Increasing fines for violations of FCC indecency rules beyond the current amount is an important, but not sufficient, fix to the problem of inappropriate broadcast programming. While larger fines may periodically deter programming excesses, it is hard to see how they will be truly effective when the media giants are capable of hiring an army of lawyers to fend off whatever enforcement actions the FCC can afford to pursue. As such, families likely will continue to be inundated with programming they find offensive or inappropriate.
In addition, the recently announced cable industry indecency effort will not be enough to provide real solutions to consumers. The Cable Puts You in Control program is a purely voluntary approach that provides no new avenues or tools for programming control, but rather relies on consumers to seek out industry-controlled Web sites and pamphlets to learn about existing measures.
We believe that it is critical to take action now to end the cable and satellite industry practice of forcing families to pay for cable programming that they find objectionable or offensive. Allowing consumers to pick and pay for channels they choose through an “a la carte” option will ensure that the market is more responsive to families’ concerns about indecency and violence. Currently, if a family chooses to block a particular channel, the family still must pay a subscription fee that is passed along to the programmer — a situation which is insulting and unfair, since the family is being forced to subsidize the producers of the inappropriate content.
The cable industry will likely argue that the equipment necessary to offer “a la carte” would increase prices for consumers. However, it is hard to imagine that an industry that can offer “plug and play” equipment to prevent piracy, and digital boxes to deliver pay-per-view and other packages of services, cannot at the same time offer consumers the right to pick the channels they want with this equipment. It is also important to remember consumers on average watch only between 12 and 18 cable channels, and the right to select the channels they want may save many of them money on their skyrocketing cable bills.

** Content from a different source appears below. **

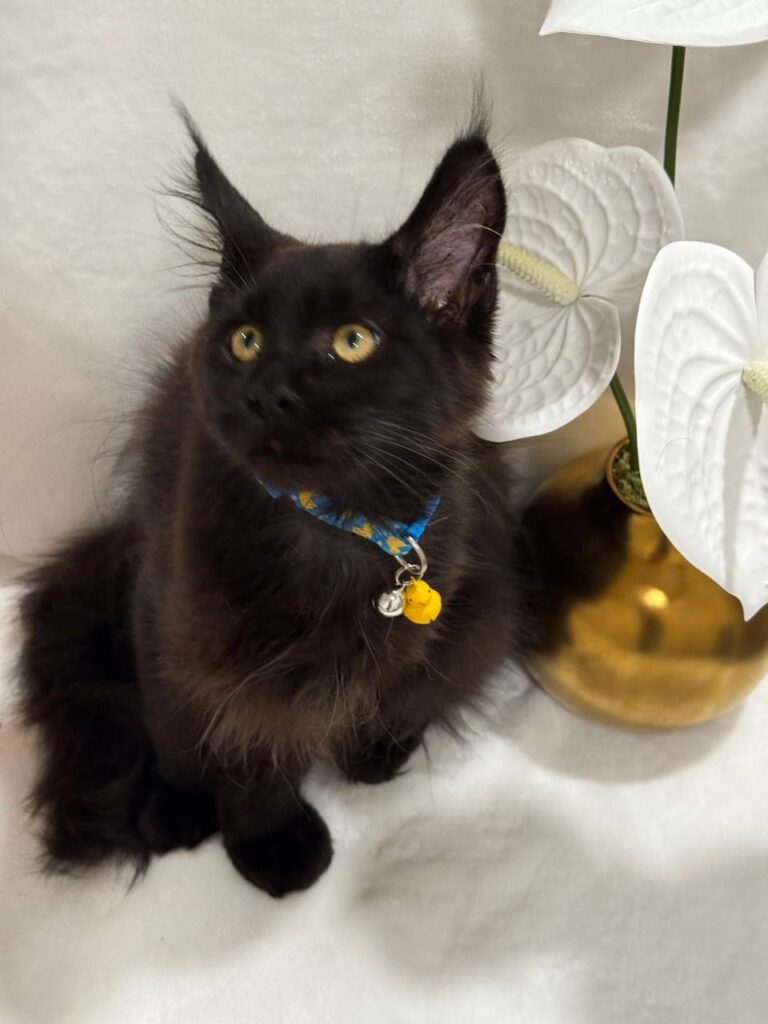 Chocolate Maine Coon 3 Months Old Male -(Has Been Microchipped, Dewormed, Vaccinated,  and Potty Trained).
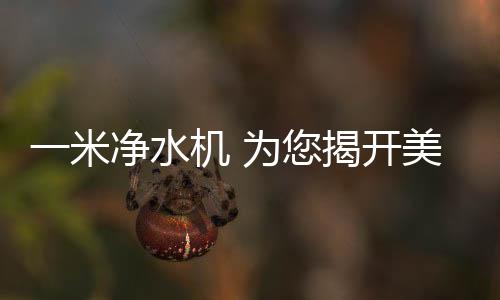 米净如果水里有杂质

We also believe that any effort to give families and local communities a say in what is broadcast on their public airwaves, and what programming comes into their homes, must address the growing threat of media consolidation. Realistic media ownership rules must be in place to lessen the influence of massive corporations on local broadcast content, as well as to ensure public debate in the local media, including newspapers. Overturning the lax FCC rules, and developing sensible media ownership rules that allow for diverse programming that reflects local community interests and values is a critical first step in restoring balance between American consumers and corporate media giants. At the very least, these rules should not be implemented until the impact of media consolidation on indecent programming can be thoroughly studied.

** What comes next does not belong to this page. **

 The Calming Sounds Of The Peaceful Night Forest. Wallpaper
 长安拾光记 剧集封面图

Finally, we support efforts to empower parents to have more control over the violent broadcast programming that their children may watch. An amendment to study the value of the V-chip at preventing this programming and setting aside violence-free family viewing time is essential to ensure that families are not forced to put up with gratuitous violence during the few evening hours they can gather together and enjoy television.
We urge you and other members of the Committee to adopt these pro-consumer amendments to help address inappropriate programming aired over both broadcast and cable/satellite networks.